== EXERCISE DETAILS ==
Please repeat, exactly and without pictures, the lines of the entries below that run from the one containing "3GTU2VEC7FG270598 2015 GMC" through the one containing "Dju Dju Banana Beer".

** RECORDS SUPPLIED follows **

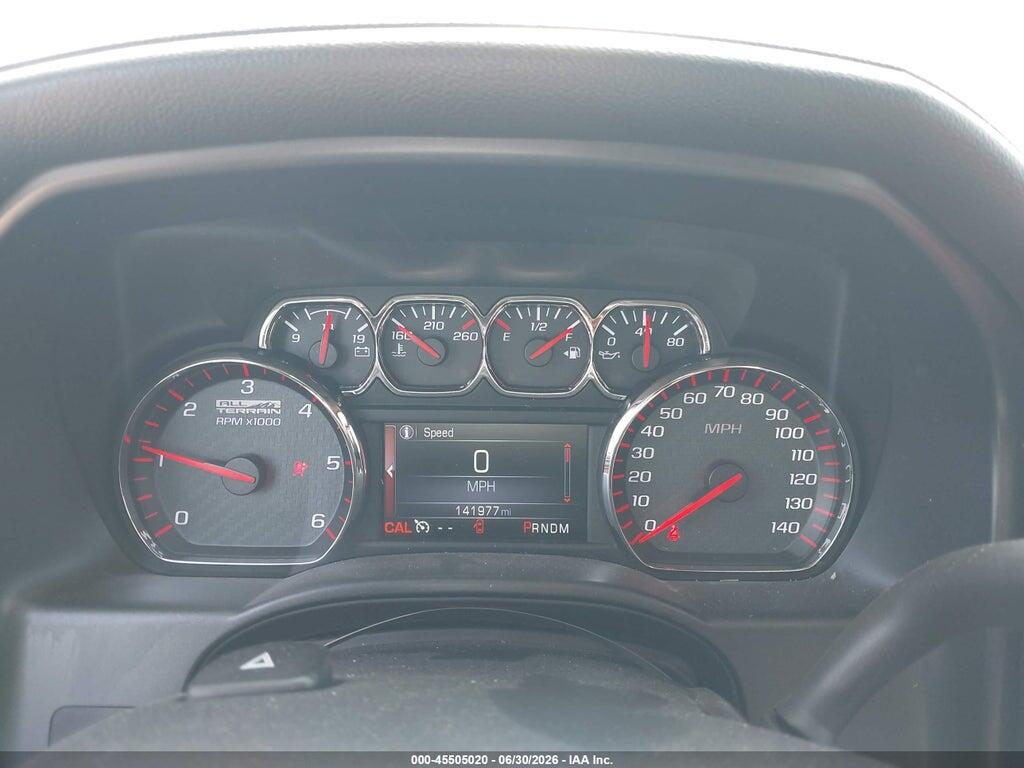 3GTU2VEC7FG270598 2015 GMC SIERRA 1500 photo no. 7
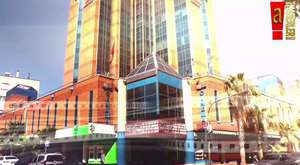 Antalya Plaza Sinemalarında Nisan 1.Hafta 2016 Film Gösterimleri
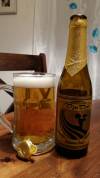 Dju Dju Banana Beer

** End of RECORDS SUPPLIED **
** RECORDS SUPPLIED follows **

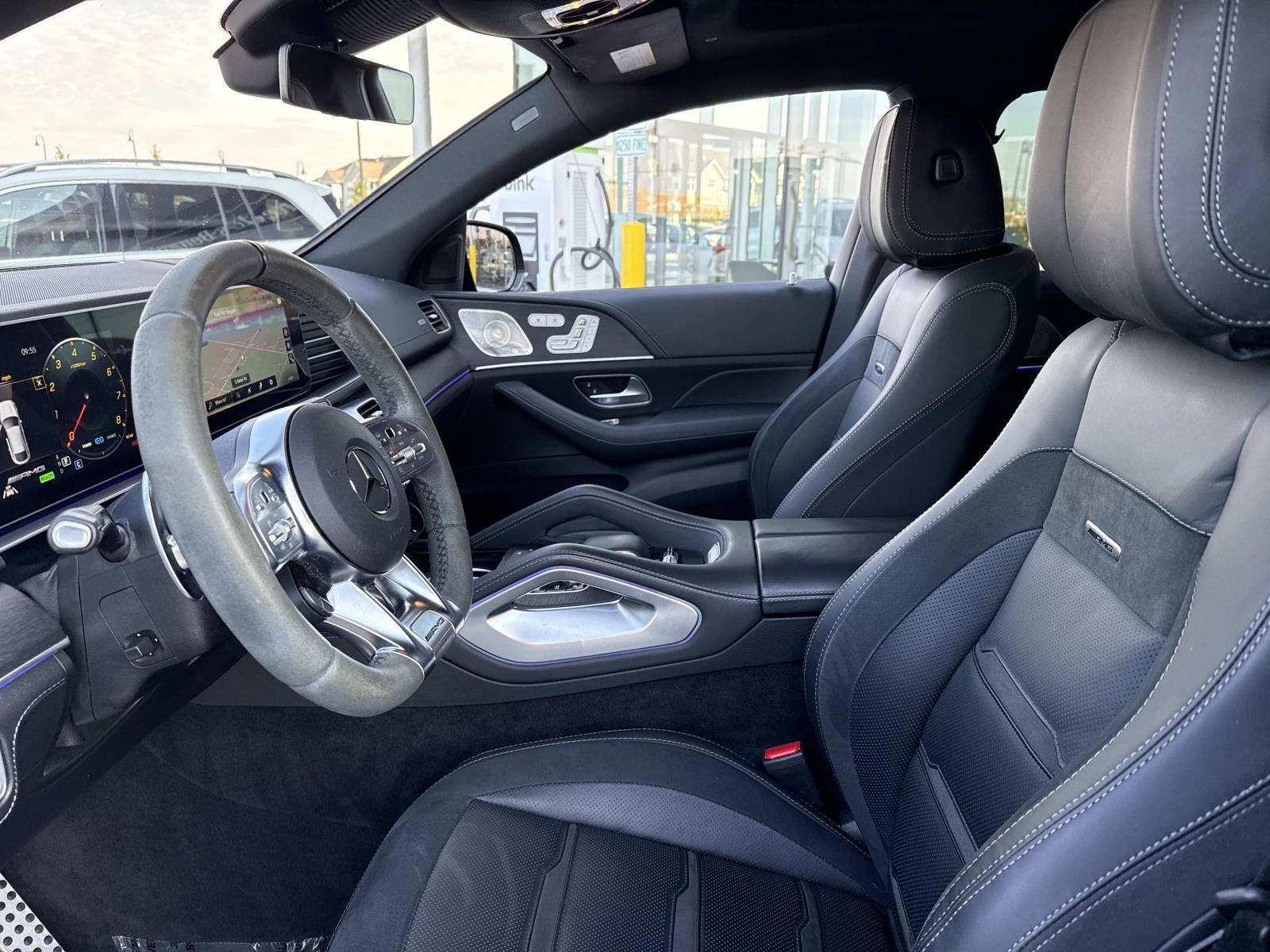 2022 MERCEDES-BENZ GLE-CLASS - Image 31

** End of RECORDS SUPPLIED **

== TASK SOLUTION ==
 3GTU2VEC7FG270598 2015 GMC SIERRA 1500 photo no. 7
 Antalya Plaza Sinemalarında Nisan 1.Hafta 2016 Film Gösterimleri
 Dju Dju Banana Beer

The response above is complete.